The question of if Forex trading is a form of gambling is often asked as the popularity of Forex
trading are on the increase globally. More people are entering this lucrative market which is
globally the most liquid financial market with an estimated daily turnover of $5 trillion. A
market that has traditionally been the exclusive playing field of banks and the super-rich, is now
available to the retail trader through advancements of internet technology.
Whilst the question of forex being a form of gambling may be asked, the same question is
applicable to other forms of investments too. It can be asked if the outcome of shares
purchased will deliver a guaranteed profit? Even the grain farmer planting his seeds under
favorable conditions is not guaranteed of a crop that could be sold at a profit in the market
The concept of gambling can be made applicable to a large variety of items.
Forex Trading and Gambling: What is the difference?
The most noticeable difference between Forex trading and Gambling is that the casino is rigged
with the odds rigged in the casino’s favor. The casino will only present games where the house
has the upper hand. Let us take roulette as an example. The gamblers’ chance of winning is
1:37. The table is numbered from 1 to 36 plus the zero. If one gambling chip is place on every
number, then 37 chips have been placed. Only one number will win. The winning pay-out in this
case is 35 chips. The gambler has lost two chips. The odds are in the favor of the house.
With trading, the retail trader is able to beat the amount of money that was risked in a trade
several times over. A possibility that is not available in gambling. But the casino owner knows
that if there is no winning in the casino, the number of patrons will dry up quickly. So occasional
and “controlled” wins are part the casino strategic plans. These “wins” are communicated
vigorously to create the euphoria of winning.
The casino employs other methods to lure the gambler out of reality. The gambling floor has
no windows and no visible clocks. This is to distract the gambler from time being spend on the
gambling floor. Free drinks for the serious gamblers are seen as the cost of doing business
whilst the gamblers’ senses are impaired. Spending 5 gambling chips is much easier than
counting out R500,00. The gambler who has to count out R500,00 cash might think twice
before placing a bet.
The serious and successful Forex trader on the other hand stack the odds in his favor. This is
achieved by having a well thought-through trading strategy, tested and tweaked over time. The
strategy will dictate which currencies to trade at which time, what the trade size must be in
relation to the account balance, how risk will be mitigated by means of a Stop-Loss strategy and
how to contain human greed by having a Take-profit exit plan. The trader will meticulously keep record of each trade, recording all detail. Losses that occurred will be studied to ensure that the
same mistake is not repeated. The successful trader sees losses as learning opportunities. The
trader has learned to keep emotions out of trading by disciplined trading according to the
trading strategy. Losses are kept to the same level to ensure that large losses do not wipe out
The successful trader has learned through experience that less trading on longer time frames
has the potential of delivering larger profits than repeated trading, based on enhanced
adrenaline based trading.
Gambling in essence is about the desire and wanting a return on an investment that is far in
excess of the amount of effort put into the act. Gamblers step into casinos with nothing but
their hope to make money. When money is lost, the gambler will try, often more aggressively,
to recover the losses by placing more bets.

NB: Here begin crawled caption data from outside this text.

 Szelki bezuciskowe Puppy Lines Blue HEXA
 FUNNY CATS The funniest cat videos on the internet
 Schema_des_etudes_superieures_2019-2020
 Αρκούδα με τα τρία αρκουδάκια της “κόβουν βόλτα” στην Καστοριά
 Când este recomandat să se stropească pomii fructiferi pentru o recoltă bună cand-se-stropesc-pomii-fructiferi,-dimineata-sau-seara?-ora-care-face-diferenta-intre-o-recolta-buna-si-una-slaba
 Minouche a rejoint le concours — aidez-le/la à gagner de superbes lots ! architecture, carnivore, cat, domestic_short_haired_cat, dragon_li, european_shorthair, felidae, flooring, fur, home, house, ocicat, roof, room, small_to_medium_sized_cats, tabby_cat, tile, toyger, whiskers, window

And gambling has another possible side-effect. Gambling may become addictive with the
danger of loosing money the gambler is not able to lose.

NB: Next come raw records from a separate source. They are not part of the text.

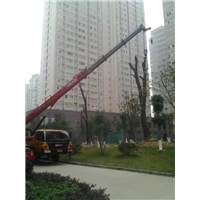 24小时为您提供优质岳阳吊车服务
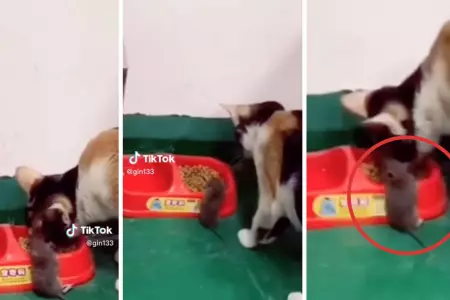 Gato se apiada de ratn y lo invita a comer de su plato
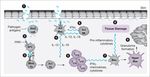 Sistema immunitario - UniBa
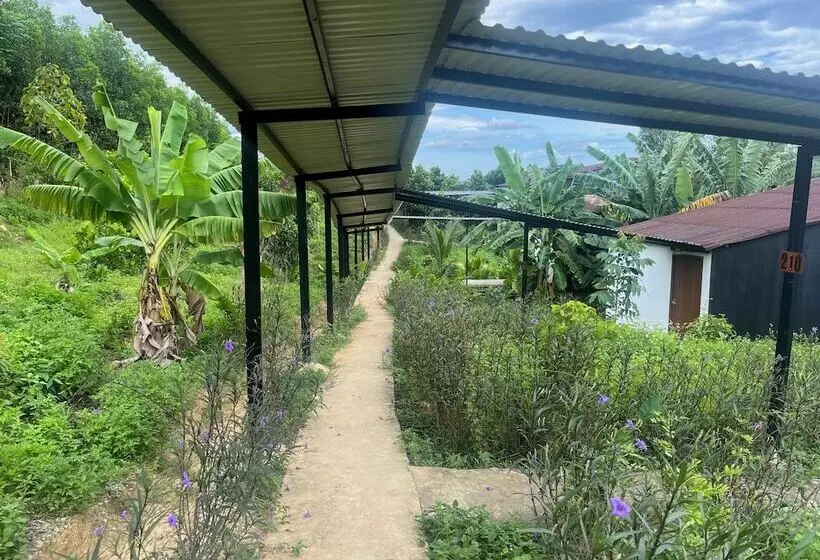 هتل Nguyen Shack Retreat Resort
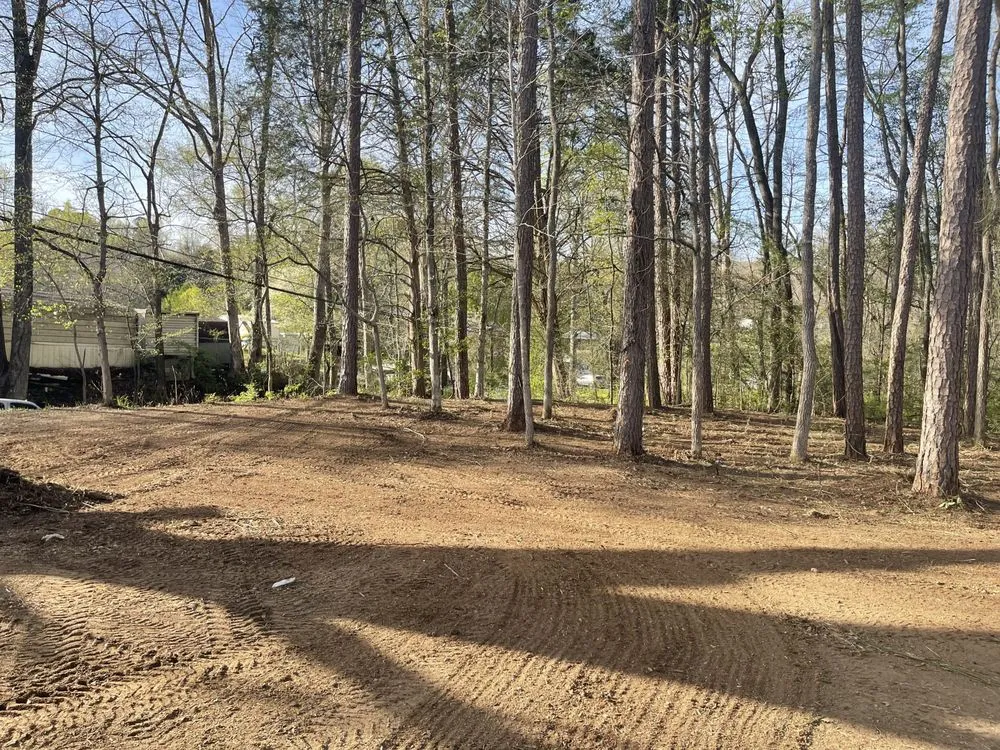 Reliable lawn mowing service in Spring City, TN - GEM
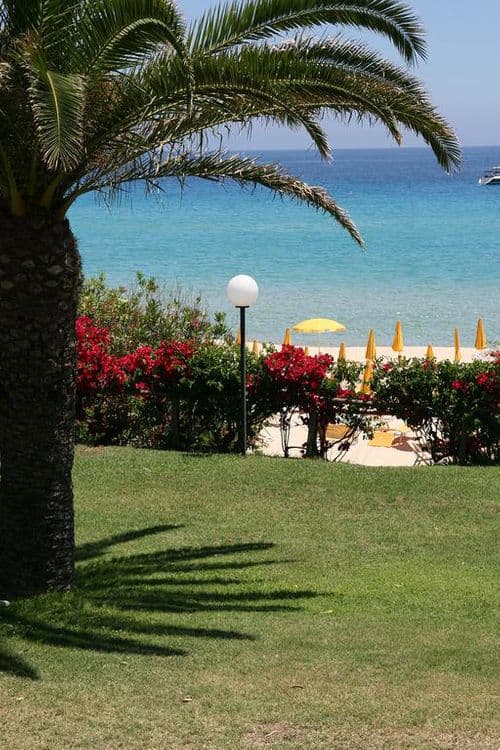 Free Beach Club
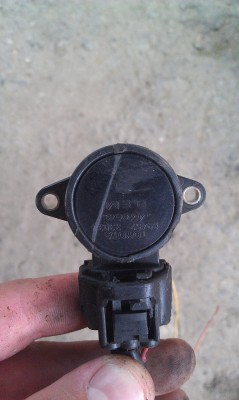 IMAG0118.jpg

Forex has the potential to become gambling if the market is treated like an enormous Jackpot
or Roulette table where the hope of winning is based on nothing but pure luck. Trading blindly
in the Forex market with no plan or strategy will cause the Forex Gambler to lose money just
like any game of luck.
Entering Forex trading without having attended a quality training course is a dangerous
endeavor where the Forex gambler will be losing money without understanding what the
It is not gambling when Forex trading is treated seriously and managed like a business, where
capital is being preserved and managed, costs are limited through risk mitigating, trading
opportunities are being seized and profit and losses are being calculated. The serious Forex
trader can rely on price patterns and analysis with technical indicators to decide where and
when to open and close a trade. The Forex trader is a life-long student and always learning from
mistakes. Disciplined trading is key to success.

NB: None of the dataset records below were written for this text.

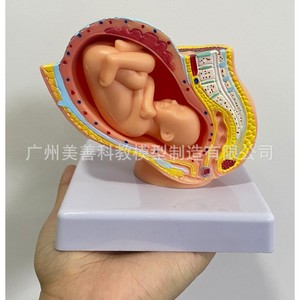 Modelo de pelvis femenina pequeña con modelo de feto a termen; modelo de embrión uterino fetal de nueve meses. - Product Image 4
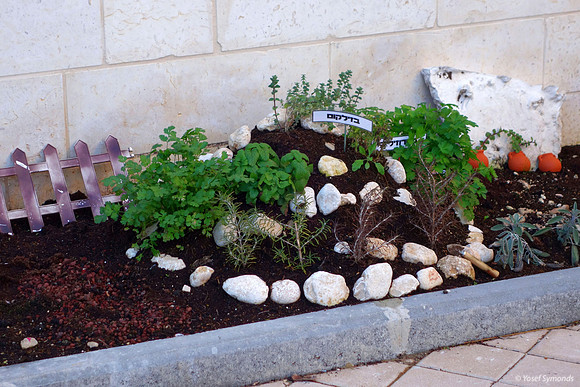 Kindergarten Garden Ramat Beit Shemesh 2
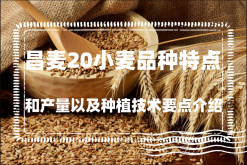 <strong>昌麦20小麦品种特点和产量以及种植技术要点介绍</strong>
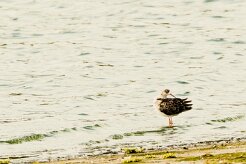 Combattant varié_737A5978-2 null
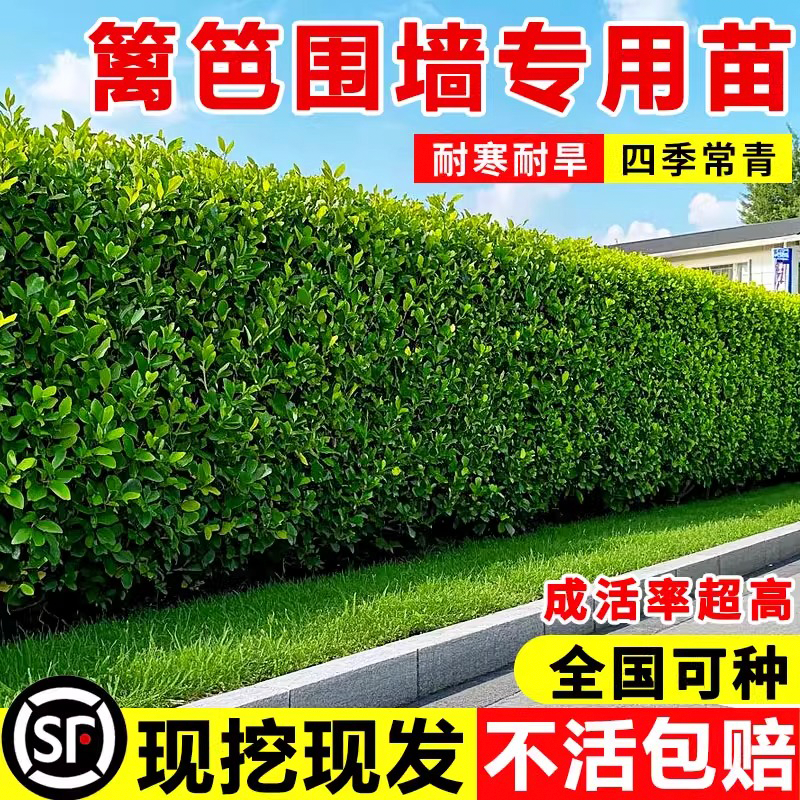 北海道冬青树苗庭院花园围墙篱笆四季青绿篱丛生园林绿化植物耐寒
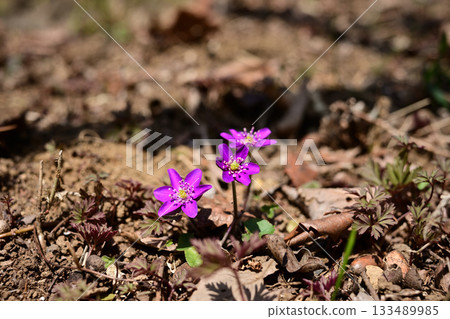 Wildflower Hemerocallis maximowiczii (snowdrop) blooms among fallen leaves in early spring 133489985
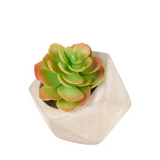 Artificial Echeveria Succulent in Pot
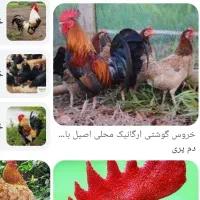 جوجه خروس و خروس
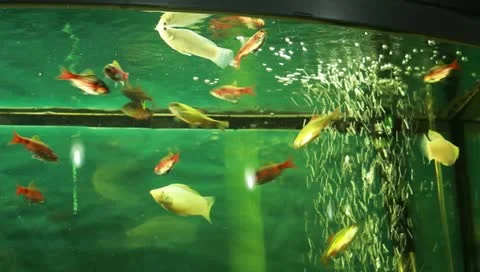 Fish in the aquarium Stock Footage 11269833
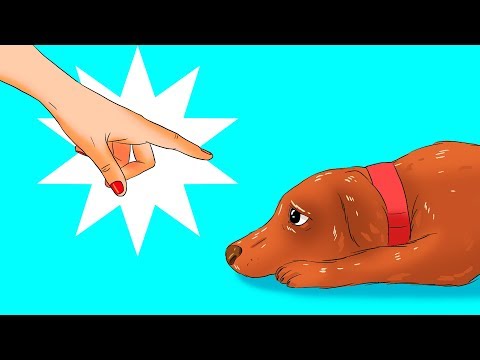 12 Harmful Things You Do to Your Dog Without Realizing It - UC4rlAVgAK0SGk-yTfe48Qpw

The casino gambler relies on luck and chance in a game where the odds are stacked heavily
against the gambler in an environment where sense and reason are being inhibited and the
concept of time is diminished. A “must win” mindset to recover losses will see additional funds
being brought to the gambling table at the delight of the casino owner. The casino gambler
discards discipline hoping that luck will change to his favor with the next hand.
The seasoned trader has the ability to place a trade with defined stop-losses and take profit
levels and walk away from trade performing other duties. The gambler has to stay put at the
gambling table until funds have dried up.